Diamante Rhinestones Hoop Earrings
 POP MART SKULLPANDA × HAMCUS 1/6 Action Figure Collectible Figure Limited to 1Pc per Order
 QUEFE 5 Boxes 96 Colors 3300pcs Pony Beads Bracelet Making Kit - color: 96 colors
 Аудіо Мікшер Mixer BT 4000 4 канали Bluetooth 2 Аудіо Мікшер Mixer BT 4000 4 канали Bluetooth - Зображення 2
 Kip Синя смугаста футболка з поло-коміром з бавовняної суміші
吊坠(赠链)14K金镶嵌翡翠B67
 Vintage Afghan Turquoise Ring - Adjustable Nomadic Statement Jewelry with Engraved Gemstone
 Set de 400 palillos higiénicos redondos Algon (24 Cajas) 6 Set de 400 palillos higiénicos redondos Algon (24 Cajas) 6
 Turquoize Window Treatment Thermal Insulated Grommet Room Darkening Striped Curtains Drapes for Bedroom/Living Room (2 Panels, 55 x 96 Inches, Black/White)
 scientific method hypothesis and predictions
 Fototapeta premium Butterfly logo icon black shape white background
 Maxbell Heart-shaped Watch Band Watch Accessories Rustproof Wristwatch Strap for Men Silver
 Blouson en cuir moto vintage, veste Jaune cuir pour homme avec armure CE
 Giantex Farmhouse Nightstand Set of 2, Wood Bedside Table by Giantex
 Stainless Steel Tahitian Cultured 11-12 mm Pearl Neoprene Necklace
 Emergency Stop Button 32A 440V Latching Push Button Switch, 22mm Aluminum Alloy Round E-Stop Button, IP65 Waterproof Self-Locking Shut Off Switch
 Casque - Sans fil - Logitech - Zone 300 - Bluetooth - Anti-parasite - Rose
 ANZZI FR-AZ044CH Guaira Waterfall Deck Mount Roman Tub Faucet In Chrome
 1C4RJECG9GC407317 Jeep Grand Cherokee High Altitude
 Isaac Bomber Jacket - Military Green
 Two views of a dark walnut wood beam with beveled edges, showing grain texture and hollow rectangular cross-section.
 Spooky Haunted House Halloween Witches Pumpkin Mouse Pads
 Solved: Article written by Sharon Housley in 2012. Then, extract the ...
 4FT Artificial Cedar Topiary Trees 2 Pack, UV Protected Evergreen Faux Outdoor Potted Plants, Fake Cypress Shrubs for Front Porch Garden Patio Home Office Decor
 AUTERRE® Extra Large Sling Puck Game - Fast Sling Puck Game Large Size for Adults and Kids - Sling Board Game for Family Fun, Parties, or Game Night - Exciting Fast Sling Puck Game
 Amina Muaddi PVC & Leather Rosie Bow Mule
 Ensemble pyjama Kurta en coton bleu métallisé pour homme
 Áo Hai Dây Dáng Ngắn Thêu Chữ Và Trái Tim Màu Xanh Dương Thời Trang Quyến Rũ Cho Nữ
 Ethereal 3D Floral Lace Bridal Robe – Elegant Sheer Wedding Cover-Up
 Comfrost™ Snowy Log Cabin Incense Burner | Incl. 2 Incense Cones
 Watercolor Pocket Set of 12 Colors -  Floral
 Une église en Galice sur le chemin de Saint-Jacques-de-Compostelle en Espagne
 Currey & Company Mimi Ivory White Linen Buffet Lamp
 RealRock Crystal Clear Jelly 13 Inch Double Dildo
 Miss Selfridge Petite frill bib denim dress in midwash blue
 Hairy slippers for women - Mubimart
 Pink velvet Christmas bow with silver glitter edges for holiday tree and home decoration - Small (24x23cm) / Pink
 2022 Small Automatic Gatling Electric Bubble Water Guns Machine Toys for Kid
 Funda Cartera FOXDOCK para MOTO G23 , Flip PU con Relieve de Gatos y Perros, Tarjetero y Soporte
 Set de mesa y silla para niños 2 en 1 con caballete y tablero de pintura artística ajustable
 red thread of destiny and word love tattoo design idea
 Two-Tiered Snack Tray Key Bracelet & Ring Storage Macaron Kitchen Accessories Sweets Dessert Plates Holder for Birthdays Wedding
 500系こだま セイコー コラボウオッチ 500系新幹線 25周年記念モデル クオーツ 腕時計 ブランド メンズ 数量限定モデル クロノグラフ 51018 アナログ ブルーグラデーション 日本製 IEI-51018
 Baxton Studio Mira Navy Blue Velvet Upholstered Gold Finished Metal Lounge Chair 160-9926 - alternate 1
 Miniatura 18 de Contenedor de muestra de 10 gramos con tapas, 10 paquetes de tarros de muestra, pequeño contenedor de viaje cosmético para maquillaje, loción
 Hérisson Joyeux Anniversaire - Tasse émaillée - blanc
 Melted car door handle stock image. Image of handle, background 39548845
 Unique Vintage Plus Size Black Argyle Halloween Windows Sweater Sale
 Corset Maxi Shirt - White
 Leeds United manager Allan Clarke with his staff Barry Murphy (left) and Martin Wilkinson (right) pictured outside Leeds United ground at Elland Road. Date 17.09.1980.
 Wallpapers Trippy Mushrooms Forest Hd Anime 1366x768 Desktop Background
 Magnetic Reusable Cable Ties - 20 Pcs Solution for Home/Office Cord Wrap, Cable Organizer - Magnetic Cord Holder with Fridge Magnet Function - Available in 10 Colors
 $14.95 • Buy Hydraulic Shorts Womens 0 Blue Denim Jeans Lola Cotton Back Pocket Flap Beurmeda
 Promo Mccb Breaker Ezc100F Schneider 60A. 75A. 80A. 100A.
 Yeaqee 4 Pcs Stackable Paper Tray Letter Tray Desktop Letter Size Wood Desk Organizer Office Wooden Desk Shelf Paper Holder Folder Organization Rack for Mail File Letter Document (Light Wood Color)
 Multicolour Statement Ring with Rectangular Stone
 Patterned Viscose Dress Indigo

━━━

In full and without error, repeat the material above.

Diamante Rhinestones Hoop Earrings
 POP MART SKULLPANDA × HAMCUS 1/6 Action Figure Collectible Figure Limited to 1Pc per Order
 QUEFE 5 Boxes 96 Colors 3300pcs Pony Beads Bracelet Making Kit - color: 96 colors
 Аудіо Мікшер Mixer BT 4000 4 канали Bluetooth 2 Аудіо Мікшер Mixer BT 4000 4 канали Bluetooth - Зображення 2
 Kip Синя смугаста футболка з поло-коміром з бавовняної суміші
吊坠(赠链)14K金镶嵌翡翠B67
 Vintage Afghan Turquoise Ring - Adjustable Nomadic Statement Jewelry with Engraved Gemstone
 Set de 400 palillos higiénicos redondos Algon (24 Cajas) 6 Set de 400 palillos higiénicos redondos Algon (24 Cajas) 6
 Turquoize Window Treatment Thermal Insulated Grommet Room Darkening Striped Curtains Drapes for Bedroom/Living Room (2 Panels, 55 x 96 Inches, Black/White)
 scientific method hypothesis and predictions
 Fototapeta premium Butterfly logo icon black shape white background
 Maxbell Heart-shaped Watch Band Watch Accessories Rustproof Wristwatch Strap for Men Silver
 Blouson en cuir moto vintage, veste Jaune cuir pour homme avec armure CE
 Giantex Farmhouse Nightstand Set of 2, Wood Bedside Table by Giantex
 Stainless Steel Tahitian Cultured 11-12 mm Pearl Neoprene Necklace
 Emergency Stop Button 32A 440V Latching Push Button Switch, 22mm Aluminum Alloy Round E-Stop Button, IP65 Waterproof Self-Locking Shut Off Switch
 Casque - Sans fil - Logitech - Zone 300 - Bluetooth - Anti-parasite - Rose
 ANZZI FR-AZ044CH Guaira Waterfall Deck Mount Roman Tub Faucet In Chrome
 1C4RJECG9GC407317 Jeep Grand Cherokee High Altitude
 Isaac Bomber Jacket - Military Green
 Two views of a dark walnut wood beam with beveled edges, showing grain texture and hollow rectangular cross-section.
 Spooky Haunted House Halloween Witches Pumpkin Mouse Pads
 Solved: Article written by Sharon Housley in 2012. Then, extract the ...
 4FT Artificial Cedar Topiary Trees 2 Pack, UV Protected Evergreen Faux Outdoor Potted Plants, Fake Cypress Shrubs for Front Porch Garden Patio Home Office Decor
 AUTERRE® Extra Large Sling Puck Game - Fast Sling Puck Game Large Size for Adults and Kids - Sling Board Game for Family Fun, Parties, or Game Night - Exciting Fast Sling Puck Game
 Amina Muaddi PVC & Leather Rosie Bow Mule
 Ensemble pyjama Kurta en coton bleu métallisé pour homme
 Áo Hai Dây Dáng Ngắn Thêu Chữ Và Trái Tim Màu Xanh Dương Thời Trang Quyến Rũ Cho Nữ
 Ethereal 3D Floral Lace Bridal Robe – Elegant Sheer Wedding Cover-Up
 Comfrost™ Snowy Log Cabin Incense Burner | Incl. 2 Incense Cones
 Watercolor Pocket Set of 12 Colors -  Floral
 Une église en Galice sur le chemin de Saint-Jacques-de-Compostelle en Espagne
 Currey & Company Mimi Ivory White Linen Buffet Lamp
 RealRock Crystal Clear Jelly 13 Inch Double Dildo
 Miss Selfridge Petite frill bib denim dress in midwash blue
 Hairy slippers for women - Mubimart
 Pink velvet Christmas bow with silver glitter edges for holiday tree and home decoration - Small (24x23cm) / Pink
 2022 Small Automatic Gatling Electric Bubble Water Guns Machine Toys for Kid
 Funda Cartera FOXDOCK para MOTO G23 , Flip PU con Relieve de Gatos y Perros, Tarjetero y Soporte
 Set de mesa y silla para niños 2 en 1 con caballete y tablero de pintura artística ajustable
 red thread of destiny and word love tattoo design idea
 Two-Tiered Snack Tray Key Bracelet & Ring Storage Macaron Kitchen Accessories Sweets Dessert Plates Holder for Birthdays Wedding
 500系こだま セイコー コラボウオッチ 500系新幹線 25周年記念モデル クオーツ 腕時計 ブランド メンズ 数量限定モデル クロノグラフ 51018 アナログ ブルーグラデーション 日本製 IEI-51018
 Baxton Studio Mira Navy Blue Velvet Upholstered Gold Finished Metal Lounge Chair 160-9926 - alternate 1
 Miniatura 18 de Contenedor de muestra de 10 gramos con tapas, 10 paquetes de tarros de muestra, pequeño contenedor de viaje cosmético para maquillaje, loción
 Hérisson Joyeux Anniversaire - Tasse émaillée - blanc
 Melted car door handle stock image. Image of handle, background 39548845
 Unique Vintage Plus Size Black Argyle Halloween Windows Sweater Sale
 Corset Maxi Shirt - White
 Leeds United manager Allan Clarke with his staff Barry Murphy (left) and Martin Wilkinson (right) pictured outside Leeds United ground at Elland Road. Date 17.09.1980.
 Wallpapers Trippy Mushrooms Forest Hd Anime 1366x768 Desktop Background
 Magnetic Reusable Cable Ties - 20 Pcs Solution for Home/Office Cord Wrap, Cable Organizer - Magnetic Cord Holder with Fridge Magnet Function - Available in 10 Colors
 $14.95 • Buy Hydraulic Shorts Womens 0 Blue Denim Jeans Lola Cotton Back Pocket Flap Beurmeda
 Promo Mccb Breaker Ezc100F Schneider 60A. 75A. 80A. 100A.
 Yeaqee 4 Pcs Stackable Paper Tray Letter Tray Desktop Letter Size Wood Desk Organizer Office Wooden Desk Shelf Paper Holder Folder Organization Rack for Mail File Letter Document (Light Wood Color)
 Multicolour Statement Ring with Rectangular Stone
 Patterned Viscose Dress Indigo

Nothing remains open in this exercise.